[DATASET]:
* * *
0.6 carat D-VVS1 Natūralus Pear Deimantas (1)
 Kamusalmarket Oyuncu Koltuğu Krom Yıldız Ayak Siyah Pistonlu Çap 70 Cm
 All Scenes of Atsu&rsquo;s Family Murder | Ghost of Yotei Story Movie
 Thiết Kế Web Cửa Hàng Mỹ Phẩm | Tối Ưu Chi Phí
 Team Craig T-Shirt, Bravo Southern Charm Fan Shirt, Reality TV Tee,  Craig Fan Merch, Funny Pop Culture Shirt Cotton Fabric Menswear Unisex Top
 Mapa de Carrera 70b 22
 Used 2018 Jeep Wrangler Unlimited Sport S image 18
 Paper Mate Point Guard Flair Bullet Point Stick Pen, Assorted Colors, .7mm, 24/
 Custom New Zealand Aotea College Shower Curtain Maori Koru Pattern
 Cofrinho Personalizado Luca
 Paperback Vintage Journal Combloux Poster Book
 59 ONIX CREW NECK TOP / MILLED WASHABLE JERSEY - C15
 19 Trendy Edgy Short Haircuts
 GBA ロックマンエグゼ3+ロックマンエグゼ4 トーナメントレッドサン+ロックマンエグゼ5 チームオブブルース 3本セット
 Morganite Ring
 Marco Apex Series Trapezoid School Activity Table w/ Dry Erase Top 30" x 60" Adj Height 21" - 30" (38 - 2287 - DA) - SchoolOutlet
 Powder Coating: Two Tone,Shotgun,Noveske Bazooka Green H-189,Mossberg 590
* * *
[BRIEF]:
The line containing "19 Trendy Edgy Short Haircuts" marks the end. Please print exactly every line from the top of the data to it, both included, and nothing more.

[RESPONSE TO THE EXERCISE]:
0.6 carat D-VVS1 Natūralus Pear Deimantas (1)
 Kamusalmarket Oyuncu Koltuğu Krom Yıldız Ayak Siyah Pistonlu Çap 70 Cm
 All Scenes of Atsu&rsquo;s Family Murder | Ghost of Yotei Story Movie
 Thiết Kế Web Cửa Hàng Mỹ Phẩm | Tối Ưu Chi Phí
 Team Craig T-Shirt, Bravo Southern Charm Fan Shirt, Reality TV Tee,  Craig Fan Merch, Funny Pop Culture Shirt Cotton Fabric Menswear Unisex Top
 Mapa de Carrera 70b 22
 Used 2018 Jeep Wrangler Unlimited Sport S image 18
 Paper Mate Point Guard Flair Bullet Point Stick Pen, Assorted Colors, .7mm, 24/
 Custom New Zealand Aotea College Shower Curtain Maori Koru Pattern
 Cofrinho Personalizado Luca
 Paperback Vintage Journal Combloux Poster Book
 59 ONIX CREW NECK TOP / MILLED WASHABLE JERSEY - C15
 19 Trendy Edgy Short Haircuts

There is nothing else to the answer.